A doçaria tradicional algarvia guarda segredos que atravessam gerações e continuam a surpreender. Entre os mais conhecidos está o chamado doce fino de Portimão, preparado a partir de uma massa de amêndoa que, em tempos, era usada para decorar bolos. A receita mantém-se até hoje e destaca-se pela simplicidade: apenas quatro ingredientes são necessários, um deles tão elementar como a água.
De acordo com o site gastronómico Tradições Doces, a base desta preparação inclui 500 gramas de açúcar, 500 gramas de farinha de amêndoa sem pele, 250 mililitros de água e corantes alimentares. A execução começa por levar ao lume o açúcar com a água, até atingir o ponto pérola. A calda é então misturada com a farinha de amêndoa peneirada, até formar uma massa lisa e maleável.

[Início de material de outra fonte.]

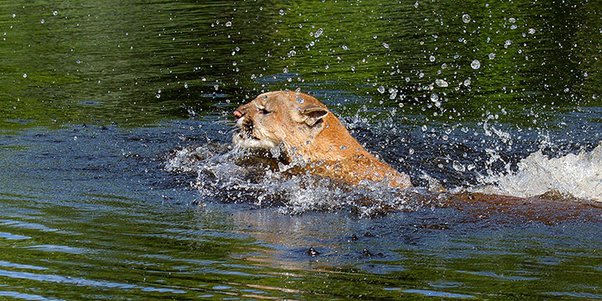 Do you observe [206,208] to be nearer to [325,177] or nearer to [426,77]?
[325,177]

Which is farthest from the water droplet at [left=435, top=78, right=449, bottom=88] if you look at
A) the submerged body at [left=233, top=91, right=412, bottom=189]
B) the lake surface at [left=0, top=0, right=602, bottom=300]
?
the submerged body at [left=233, top=91, right=412, bottom=189]

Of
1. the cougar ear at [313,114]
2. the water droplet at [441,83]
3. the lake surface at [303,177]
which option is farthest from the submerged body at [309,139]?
the water droplet at [441,83]

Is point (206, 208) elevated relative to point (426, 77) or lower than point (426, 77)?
Result: lower

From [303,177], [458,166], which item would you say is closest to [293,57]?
[458,166]

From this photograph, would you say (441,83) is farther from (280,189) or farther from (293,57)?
(280,189)

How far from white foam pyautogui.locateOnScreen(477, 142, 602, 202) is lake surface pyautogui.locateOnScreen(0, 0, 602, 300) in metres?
0.02

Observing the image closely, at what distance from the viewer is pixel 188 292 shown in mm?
6180

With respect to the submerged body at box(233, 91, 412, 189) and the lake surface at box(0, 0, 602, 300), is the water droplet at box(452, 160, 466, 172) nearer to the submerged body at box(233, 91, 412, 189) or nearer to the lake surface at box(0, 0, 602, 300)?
the lake surface at box(0, 0, 602, 300)

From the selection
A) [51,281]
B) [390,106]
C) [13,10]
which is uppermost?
[13,10]

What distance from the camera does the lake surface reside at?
6652 mm

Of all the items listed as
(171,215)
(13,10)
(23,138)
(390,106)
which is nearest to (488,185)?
(171,215)

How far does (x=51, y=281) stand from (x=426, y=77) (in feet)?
32.0

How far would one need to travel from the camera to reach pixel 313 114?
9469 millimetres

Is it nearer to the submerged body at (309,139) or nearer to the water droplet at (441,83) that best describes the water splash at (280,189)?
the submerged body at (309,139) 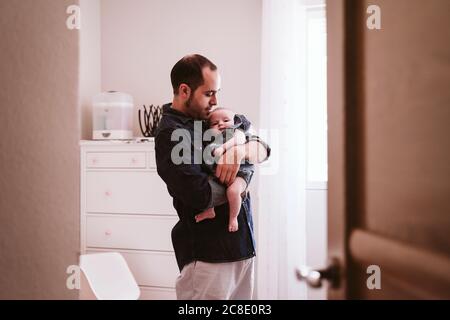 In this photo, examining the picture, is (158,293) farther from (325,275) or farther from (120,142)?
(325,275)

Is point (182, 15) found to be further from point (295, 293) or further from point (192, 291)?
point (192, 291)

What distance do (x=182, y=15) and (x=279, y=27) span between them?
95 centimetres

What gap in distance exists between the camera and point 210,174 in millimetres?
1355

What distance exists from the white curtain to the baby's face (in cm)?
106

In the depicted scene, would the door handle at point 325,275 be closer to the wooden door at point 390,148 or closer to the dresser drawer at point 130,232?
the wooden door at point 390,148

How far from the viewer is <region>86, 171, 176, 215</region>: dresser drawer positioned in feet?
8.82

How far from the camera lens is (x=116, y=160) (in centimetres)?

Uma arte que pede tempo e paciência
Segundo a mesma fonte, depois de preparada, a massa deve descansar durante 12 horas antes de ser moldada. Só então se inicia o trabalho minucioso de dar forma às pequenas figuras, muitas vezes representando elementos do quotidiano algarvio. O toque final é a pintura, feita com corantes alimentares aplicados com pincel ou aerógrafo, conferindo às peças o aspeto colorido que as distingue.
Escreve a loja Doçaria do Sul que o doce fino não se resume à massa de amêndoa. No interior pode levar fios de ovos ou, em algumas versões, doce de ovos. É este detalhe que lhe confere maior riqueza e o insere numa família mais ampla de especialidades regionais, como os morgados e morgadinhos de amêndoa, as cestas e cestinhos ou as figuras conhecidas como lesmas.
Figuras que contam histórias
Acrescenta a publicação que as formas do doce variam conforme a criatividade de quem as produz e o contexto em que são elaboradas. Podem surgir maçãs, figos, flores, galinhas ou porcos, mas também representações ligadas ao mar, como peixes, camarões e estrelas. Em épocas festivas, não faltam motivos relacionados com o Natal, a Páscoa ou até o Halloween, sinal de que a tradição continua a adaptar-se aos tempos.
Refere a mesma fonte que há figuras mais elaboradas, como miniaturas de tachos com pratos típicos ou pequenas cestas de flores. Estes exemplos mostram como a massa de amêndoa serve de tela para expressões artísticas variadas, exigindo técnica, paciência e muitas horas de dedicação.
Património doceiro algarvio
De salientar que o doce fino não é apenas uma sobremesa. É também um elemento cultural que identifica o Algarve e se tornou presença habitual em festas, romarias e lojas de produtos regionais. A sua produção artesanal preserva o saber-fazer transmitido de geração em geração, transformando quatro ingredientes simples em peças que conjugam sabor e identidade.
Assim, o que à primeira vista parece uma receita elementar acaba por revelar um património mais vasto. O doce fino algarvio continua a ser símbolo de criatividade e tradição, mantendo viva uma das expressões mais reconhecidas da doçaria regional portuguesa.